Laboratory experiments have been conducted on mice in order to boost the number of Beta cells — or insulin producing cells — of the pancreas. It is when these cells stop functioning and reduce in number, Type 1 Diabetes Mellitus (Insulin Dependant Diabetes) occurs.

A recent study reported by the New England Journal of Medicine, shows that acinar cells of the pancreas (which are not insulin-producing) were re-programmed into insulin-producing Beta cells. The theory behind this experiment was that all cells of the pancreas acinar and Beta cells were derived from the same stem cells in the embryo. Three developmental Transcription Factors, derived from viruses, were injected into the acinar cells of diabetic mice and within three days the acinar cells were converted into Beta cells.

 

Developing Beta cells in the laboratory would control the number of Beta cells produced as well as their engraftment.

 

Another experiment on rats, performed earlier, reported that acinar cells isolated from rat’s pancreas and exposed to certain growth factors in the laboratory, got converted to Beta cells and started producing insulin. When they were transplanted into the diabetic rats, the blood glucose got normalised.
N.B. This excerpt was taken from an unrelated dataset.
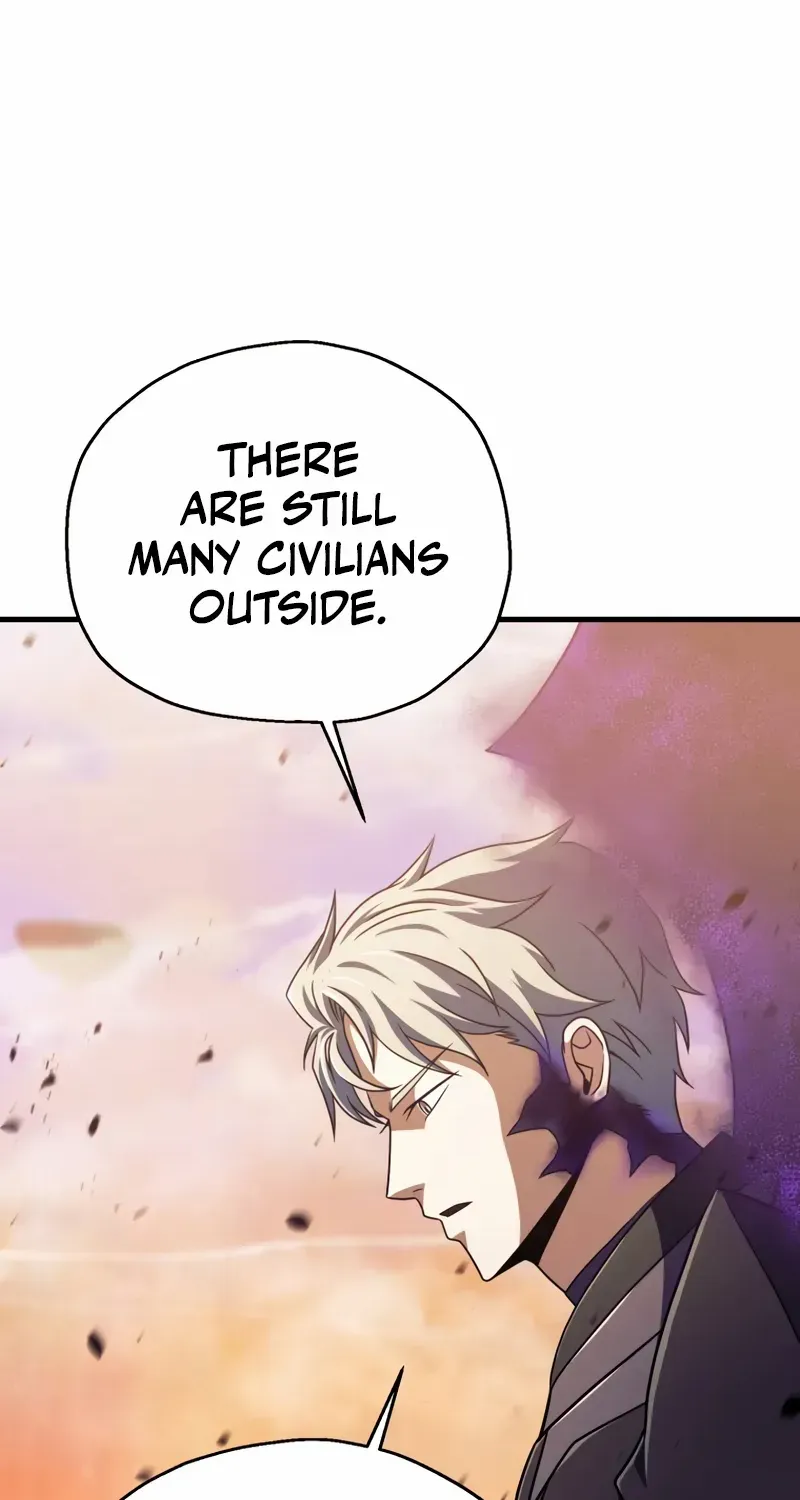 Player Who Can’t Level Up Chapter 200 page 63 -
These experiments seem to be promising, but many hurdles must be cleared before they can be performed on human beings. Many potential risks are present if such trials are performed on the human body. Transgenic viruses will have to be used for the purpose and these pose a high risk of tumour development. Non-viral carriers are being studied for efficient and specific delivery of the molecules.

Developing Beta cells in the laboratory would control the number of Beta cells produced as well as their engraftment. If all potential risks and dangers are overcome, then organs with abundant acinar cells like the liver and intestines could also be used for transformation into insulin-producing Beta cells.